What the task asks: The lines below from the one with "Grupo de diputados" up to and including the one with "Marcela Chumová - La Femme foto 1" are what you should set down, exactly and without pictures.
Records provided section start
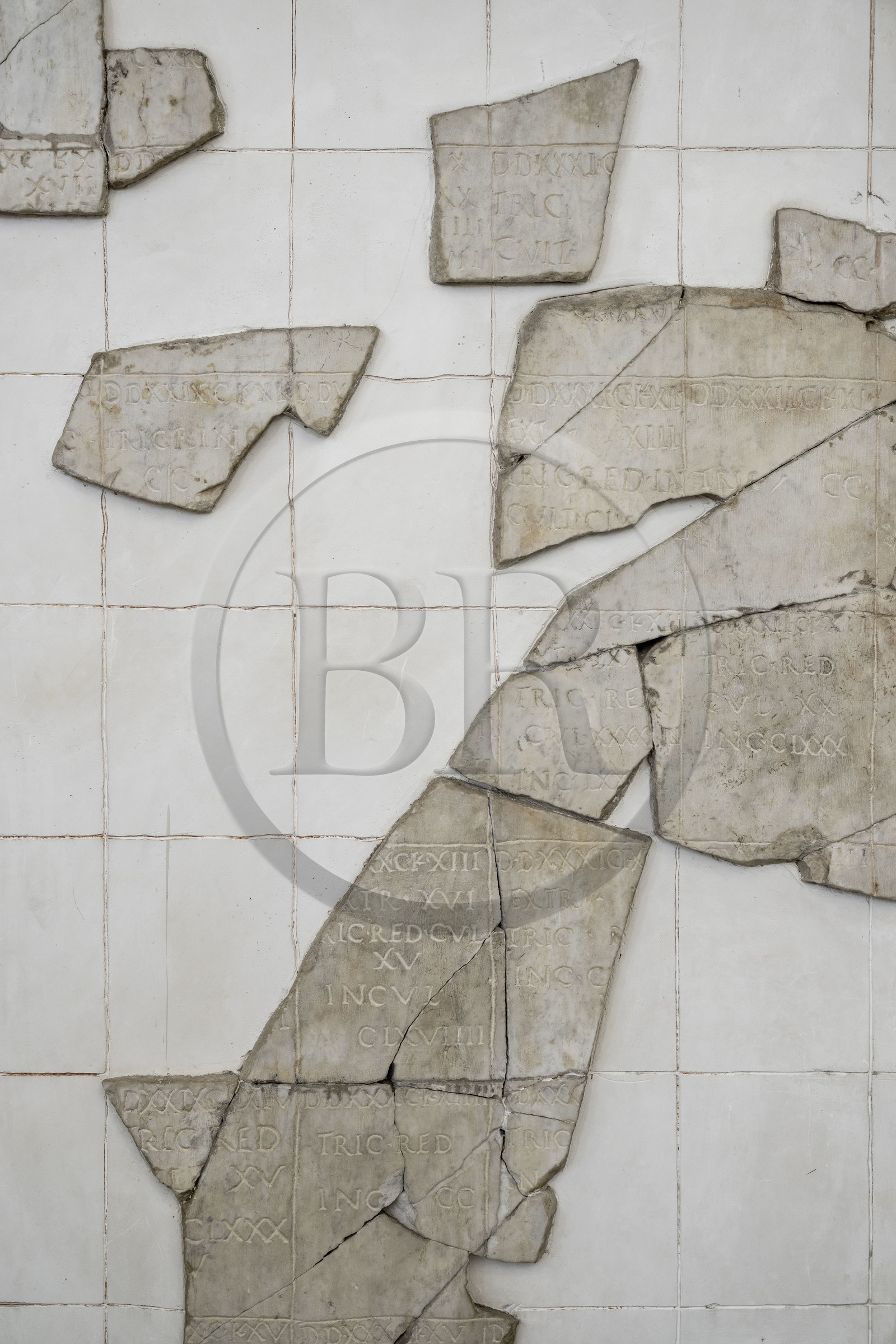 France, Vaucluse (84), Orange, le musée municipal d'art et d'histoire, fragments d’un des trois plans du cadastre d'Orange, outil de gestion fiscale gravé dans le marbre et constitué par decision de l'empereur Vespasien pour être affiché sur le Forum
Records provided section end
Records provided section start
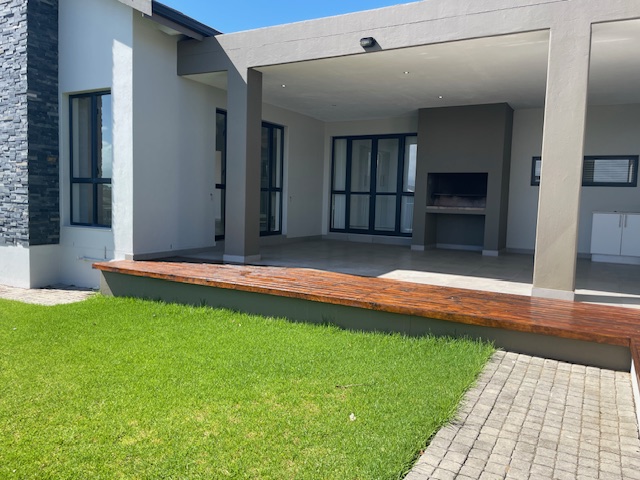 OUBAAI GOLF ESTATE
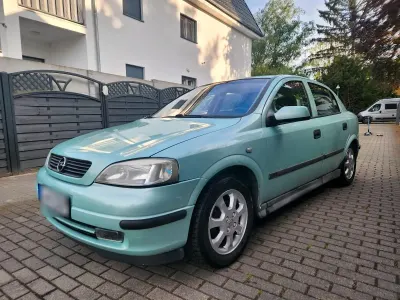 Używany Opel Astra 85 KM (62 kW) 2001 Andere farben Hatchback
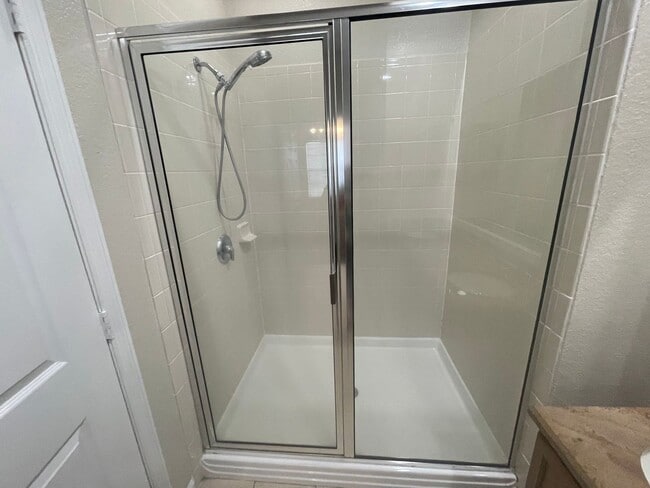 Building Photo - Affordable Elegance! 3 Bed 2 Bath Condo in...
Records provided section end
Records provided section start
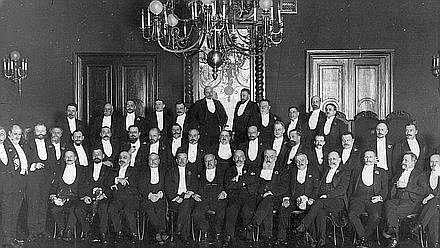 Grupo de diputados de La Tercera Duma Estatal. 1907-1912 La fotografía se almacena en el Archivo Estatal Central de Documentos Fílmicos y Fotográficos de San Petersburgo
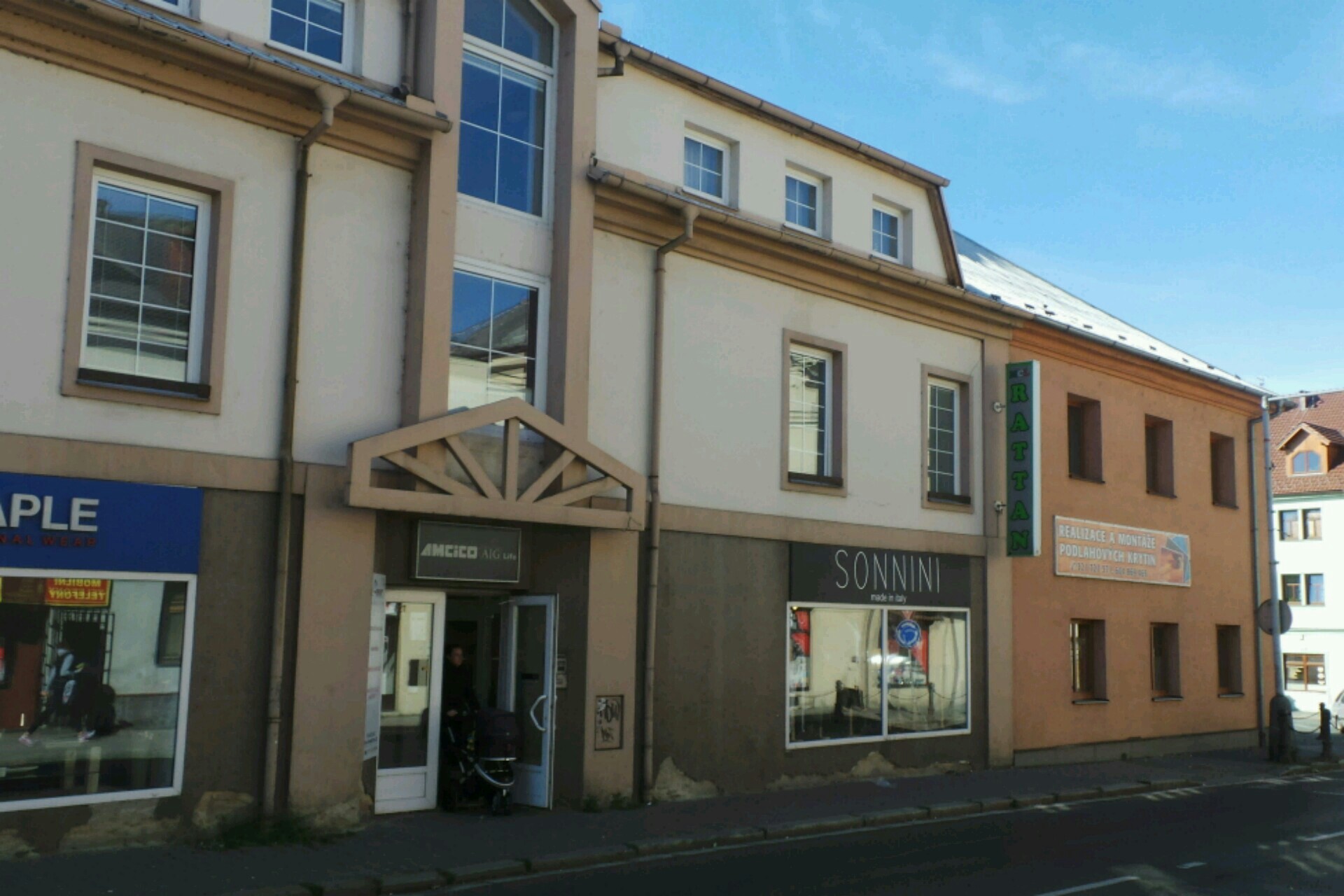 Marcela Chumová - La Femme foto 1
Records provided section end
Task result:
 Grupo de diputados de La Tercera Duma Estatal. 1907-1912 La fotografía se almacena en el Archivo Estatal Central de Documentos Fílmicos y Fotográficos de San Petersburgo
 Marcela Chumová - La Femme foto 1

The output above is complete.